--- Data section ---
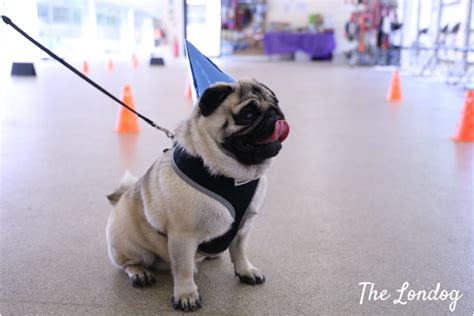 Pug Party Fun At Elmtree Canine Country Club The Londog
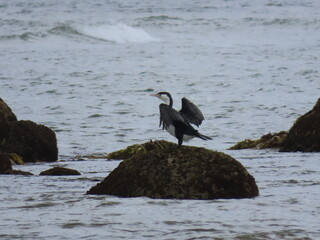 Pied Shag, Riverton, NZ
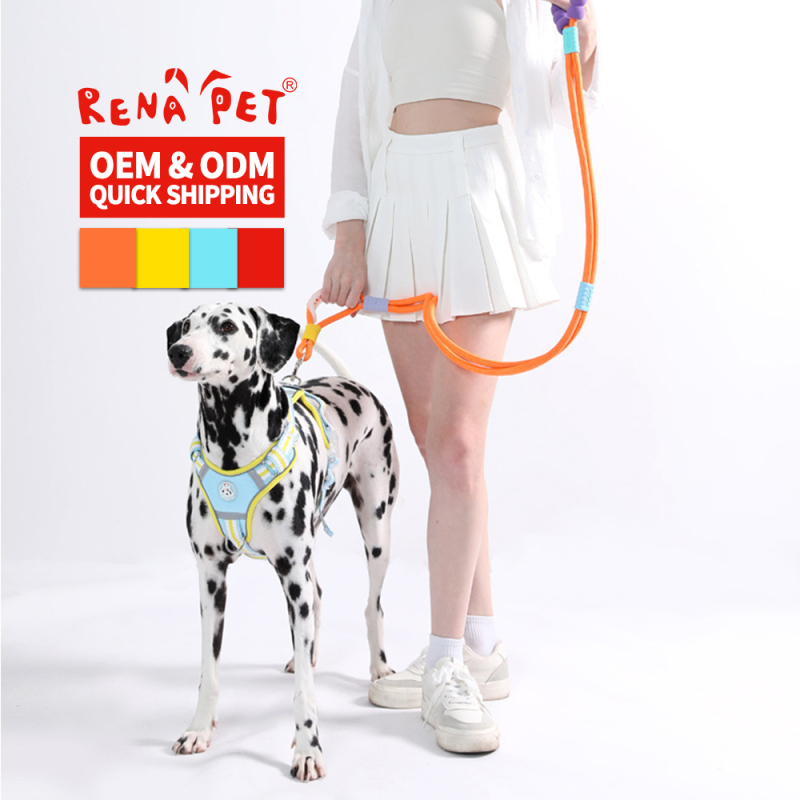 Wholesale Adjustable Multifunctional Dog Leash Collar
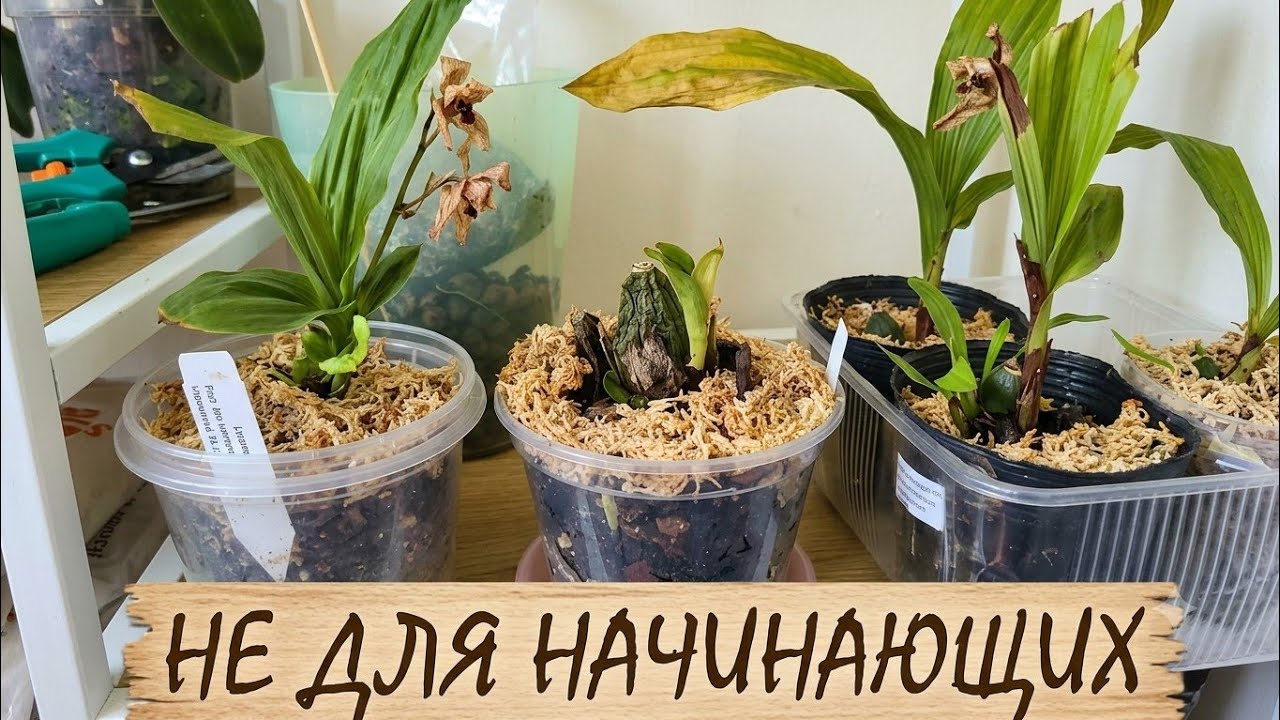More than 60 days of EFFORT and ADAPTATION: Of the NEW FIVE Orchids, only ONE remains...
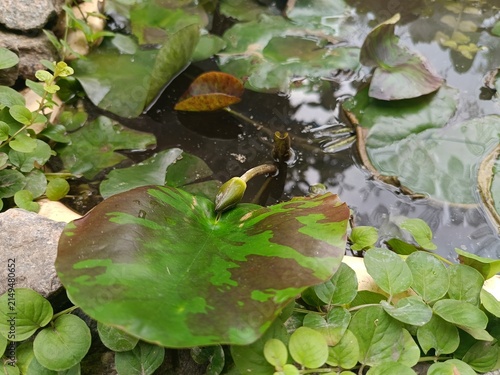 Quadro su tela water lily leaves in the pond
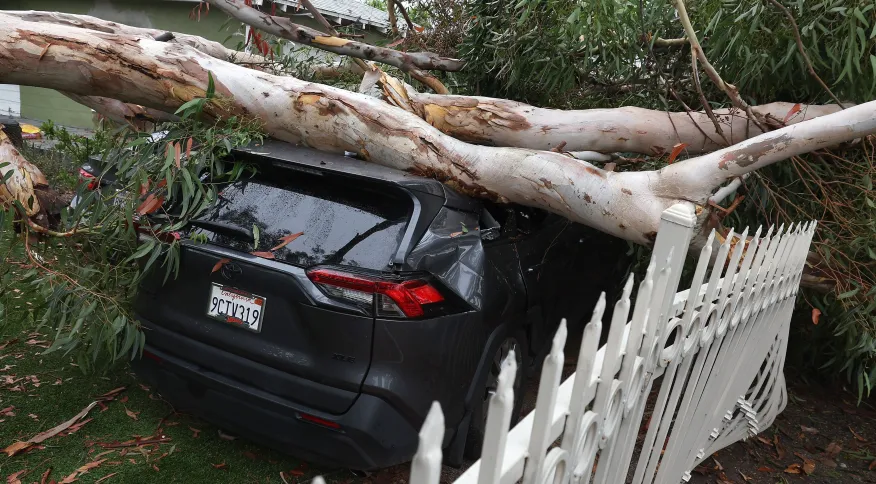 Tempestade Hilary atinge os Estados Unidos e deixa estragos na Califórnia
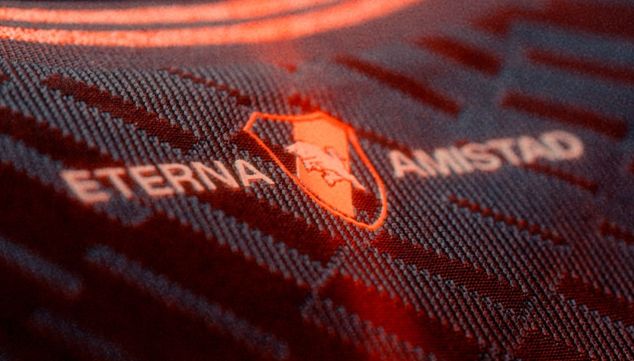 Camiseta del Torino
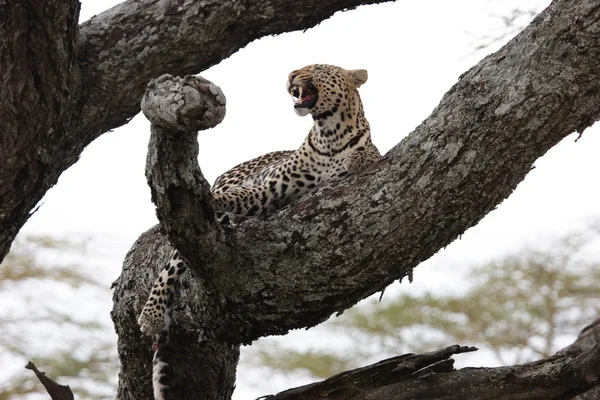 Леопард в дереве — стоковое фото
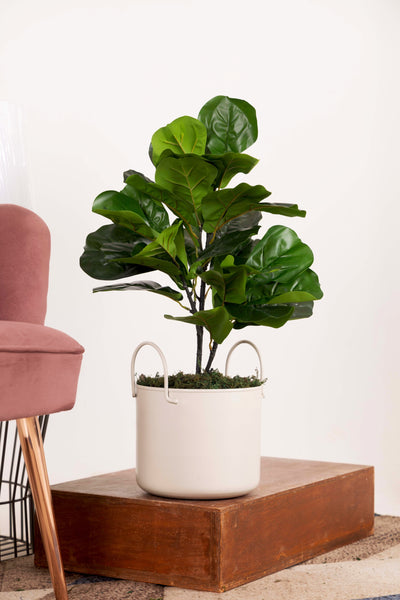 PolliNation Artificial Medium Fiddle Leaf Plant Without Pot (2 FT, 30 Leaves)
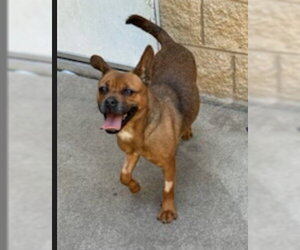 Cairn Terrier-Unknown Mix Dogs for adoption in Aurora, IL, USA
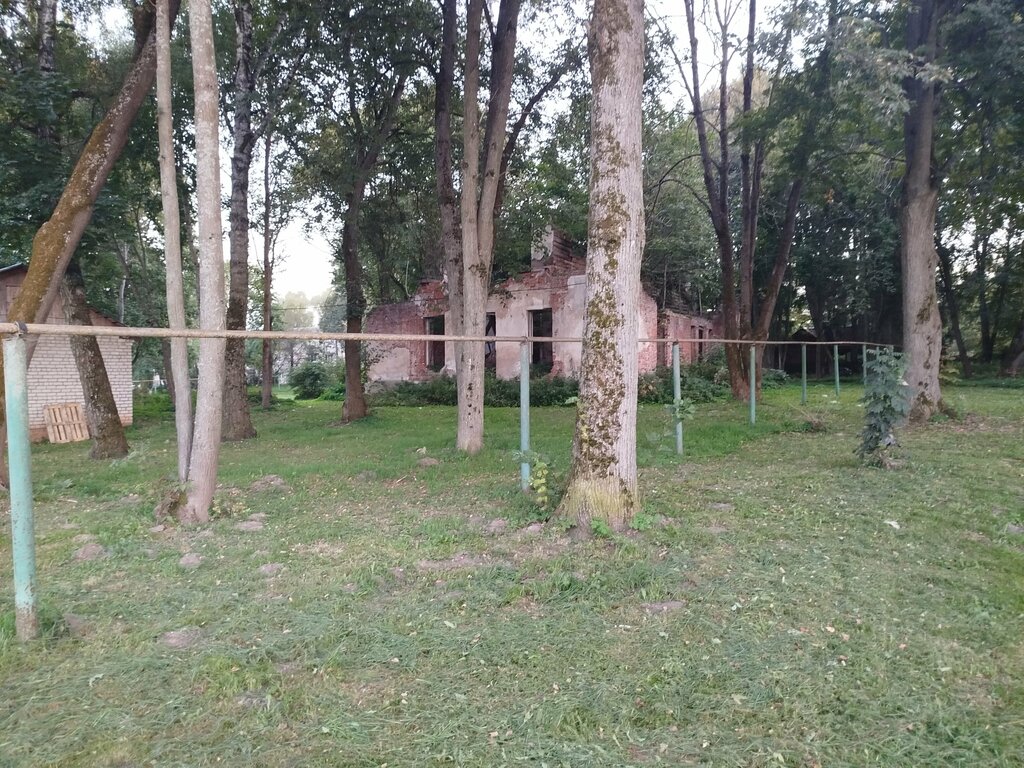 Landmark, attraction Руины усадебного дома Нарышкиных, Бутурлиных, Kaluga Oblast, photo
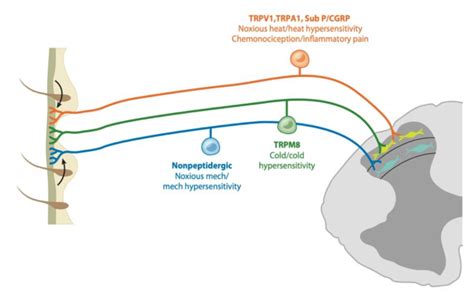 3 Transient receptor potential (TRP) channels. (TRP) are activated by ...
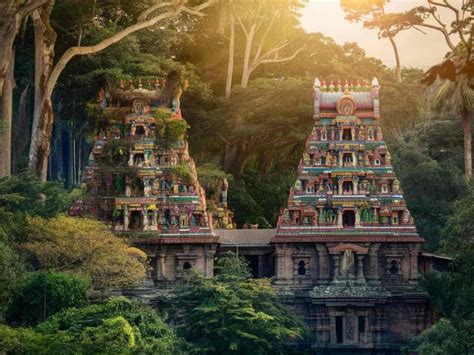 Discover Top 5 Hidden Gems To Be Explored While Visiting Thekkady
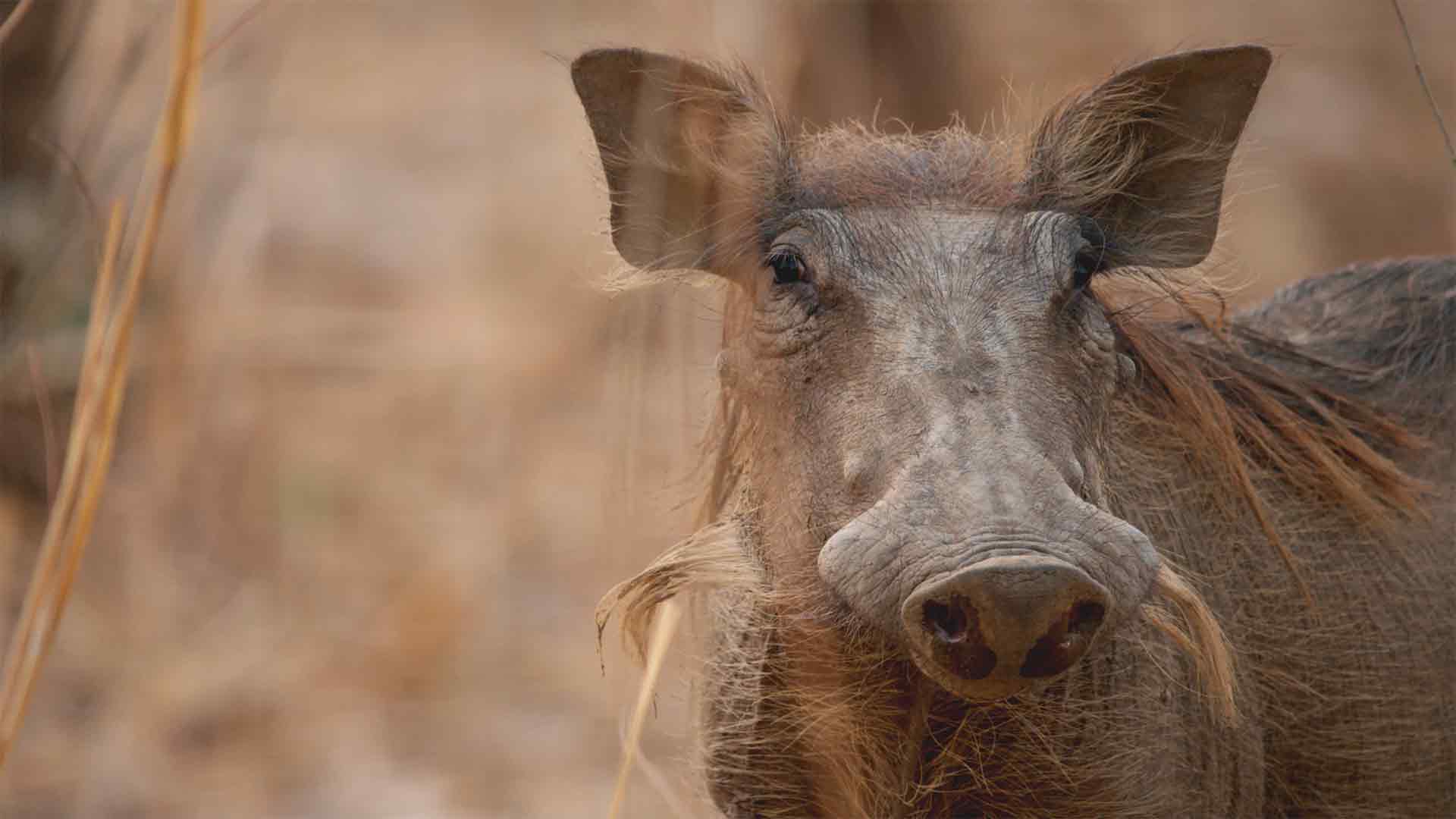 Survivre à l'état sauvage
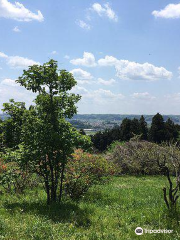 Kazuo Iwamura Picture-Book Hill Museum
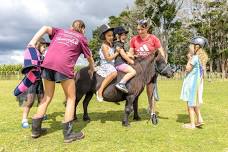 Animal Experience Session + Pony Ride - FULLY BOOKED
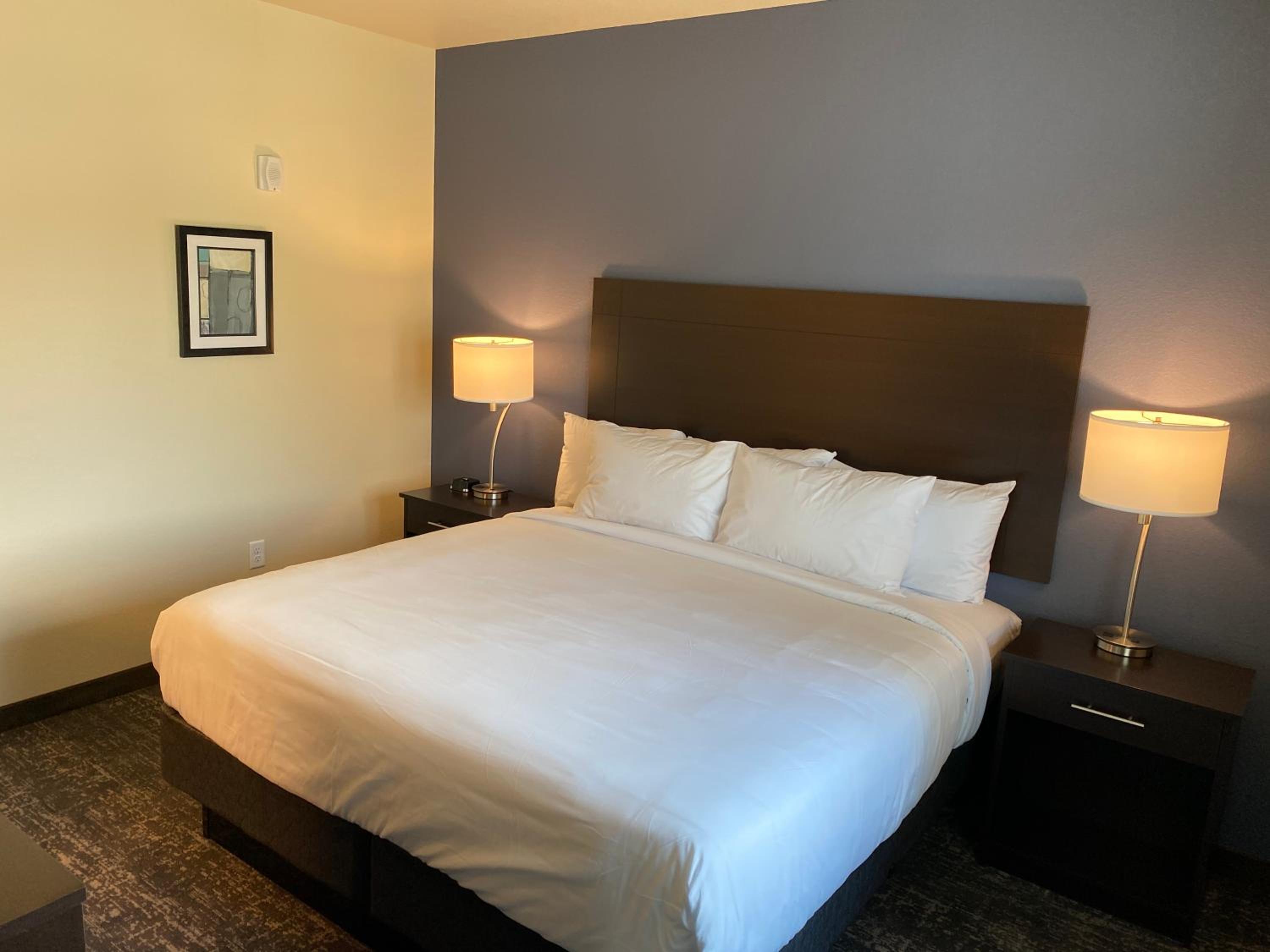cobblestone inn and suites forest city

--- Exercise brief ---
Please copy exactly the lines from the one containing "Landmark, attraction Руины" through the last line of the records, both ends included, and leave out any pictures.

--- Expected answer ---
 Landmark, attraction Руины усадебного дома Нарышкиных, Бутурлиных, Kaluga Oblast, photo
 3 Transient receptor potential (TRP) channels. (TRP) are activated by ...
 Discover Top 5 Hidden Gems To Be Explored While Visiting Thekkady
 Survivre à l'état sauvage
 Kazuo Iwamura Picture-Book Hill Museum
 Animal Experience Session + Pony Ride - FULLY BOOKED
cobblestone inn and suites forest city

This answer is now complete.